This report may help raise awareness of the importance of innovation and how to mitigate some of the challenges. Otherwise, more firms could find themselves in the same position as taxi drivers. They assumed they had a nice secure business, yet a tech innovator (Uber) figured out a way to turn ordinary people into taxi competitors, while delivering a better end-to-end customer experience.

Thanks to PA Consulting for providing me a copy of the report for review. The full report is available for download here (free registration required).

1 COMMENT

  1. This is really informative, and it brings to mind the story of W.L.Gore and Associates, the company which invented GoreTex material for an array of applications. Bill Gore, who was a research chemist at duPont as well as an avid outdoorsman, left to form his own company in part because he wanted to set up a culture that is appreciative. A good way to understand how this word helps to define enterprise innovation is that, to quote (myself) from “The Customer Loyalty Pyramid” (1997), it is ‘an expressive inquiry that envisions possibilities, capitalizing on those things the company does well.’

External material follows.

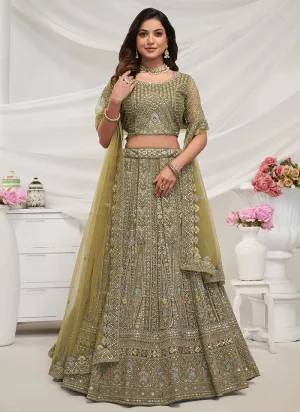 Olive Green Multi Embroidery Lehenga Choli For Wedding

    Several of the things that W.L.Gore has always done well, for instance, are one-on-one mentoring, active internal group networking, cross-functional training, and employee teamwork. This approach to learning and creativity, they’ve found, builds conceptual and task capability, while also developing the interpersonal and interactive skills so important for group and individual innovation.

    Tom Peters has also looked at what makes an organization good at learning and innovation. He developed a concept called ‘knowledge management structure’, or KMS for short. Again, quoting from “The Customer Loyalty Pyramid”: ‘KMS creates and identifies internal experts; uses their knowledge, packages, systematizes, and distributes the information they and others create; and supports the network structure and culture required to keep it flowing through teamwork, training, and purposeful cross-group sharing.’

    As you’ve covered in the review of PA Consulting’s study findings, most companies, fearing failure, have moved away from this kind of culture.